Prosecutor Gerrie Nel began his cross-examination of the defence's ballistics expert with a demonstration in which state expert Chris Mangena used a laser in court.

Mangena had previously analysed the bullet trajectory of the four shots Oscar Pistorius fired through his toilet cubicle door the night he killed Reeva Steenkamp.

Using an aerosol can, Mangena made visible the laser directed at the second bullet hole on the bathroom door which has been erected in the Pretoria High Court room since close to the beginning of the trial.

The laser pointer landed directly on the points Mangena had indicated on the wall of the cubicle in his report.

This was in dispute of the defence ballistics expert Wollie Wolmarans' opinion that it did not make sense how this particularly bullet could have ricocheted off the wall and caused abrasions on Steenkamp's back.

Defence advocate Barry Roux requested that the laser be used through the other bullet holes to determine their relation to the points on the wall.

Nel then asked about Wolmarans' report from 23 April, constructed almost two months after the trial began. Wolmarans said that it was an ongoing report, and was amended as he received new information.

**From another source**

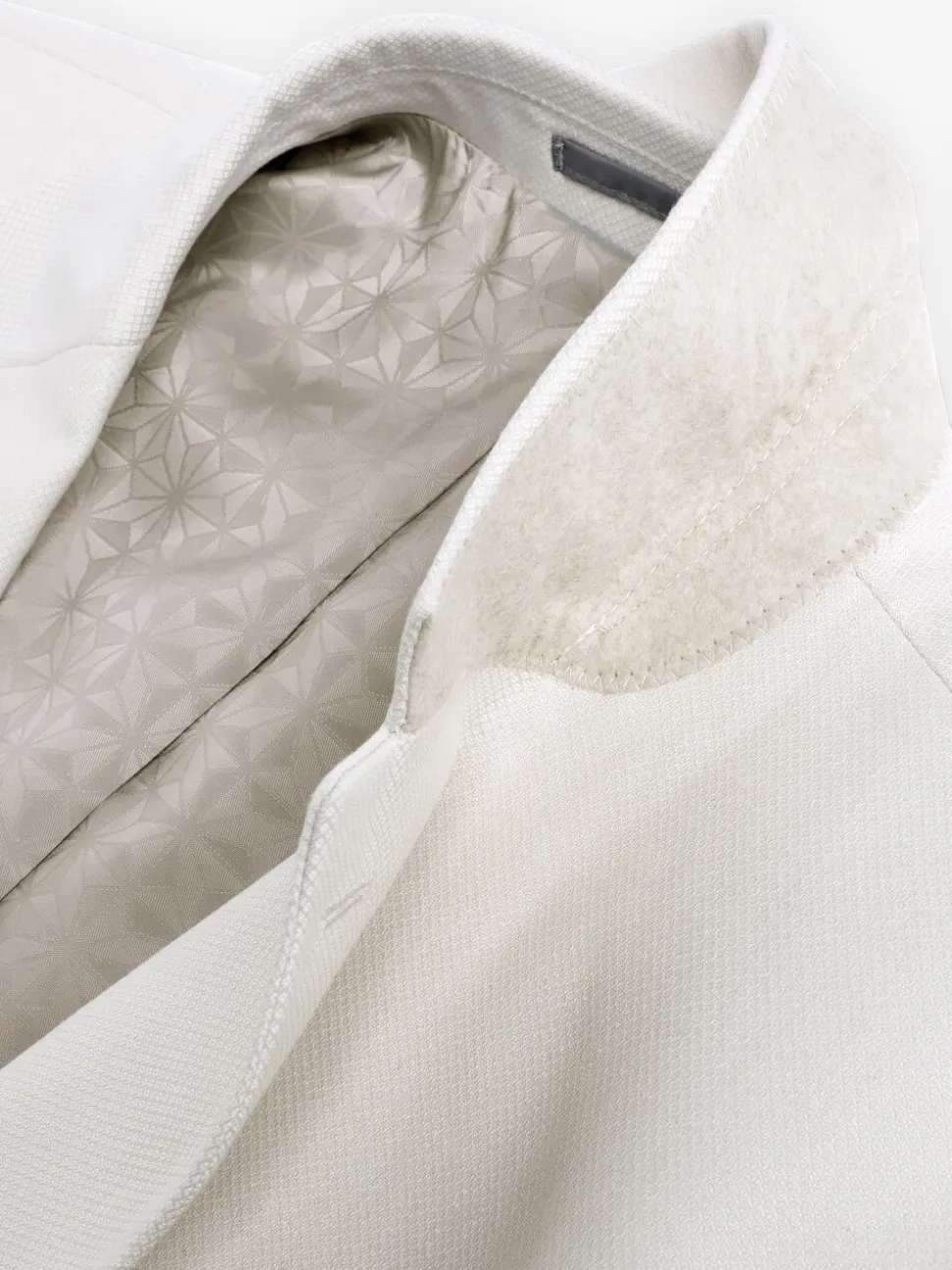 Ecru - Slim Fit - Kostuum met textuur: colbert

The expert said he'd occasionally furnished new information in verbal and note-form to the defence team, but never a signed report prior to this one. He then admitted that a report had been given to the defence prior to the trial. Nel asked why Wolmarans was hiding his original report from the court. Wolmarans said his current report was not much different to his original, with mostly grammar and other minor errors altered.

“I didn't see it (as) necessary to bring it to court,” said Wolmarans.

Nel asked if he would have a problem with the court seeing the report. But Wolmarans said that his work was “like a puzzle” and that the original report had some missing pieces. He said that the first time he examined the crime scene, the toilet cubicle door had been taken by police for analysis, and he was only able to examine it later.

Nel said he wanted to know how Wolmarans' views had changed over time.

The expert said his original report was not saved on his computer, just his notes that he sent through to the defence team.

He said he wasn't able to remember if he provided the team with an electronic copy of the original report.

Nel asked if Wolmarans had altered his report after consulting with the defence.

“I was helped with my English, but never ever was I asked to alter my report to suit the defence's case,” said Wolmarans.

Nel then moved on to a test that the defence conducted where they struck a cricket bat against a door like the cubicle's.

Pistorius claimed he broke through the door with a bat after the shooting, and the defence has argued that the gunshot sounds neighbours may have heard after the initial shooting was this striking of the bat against the door.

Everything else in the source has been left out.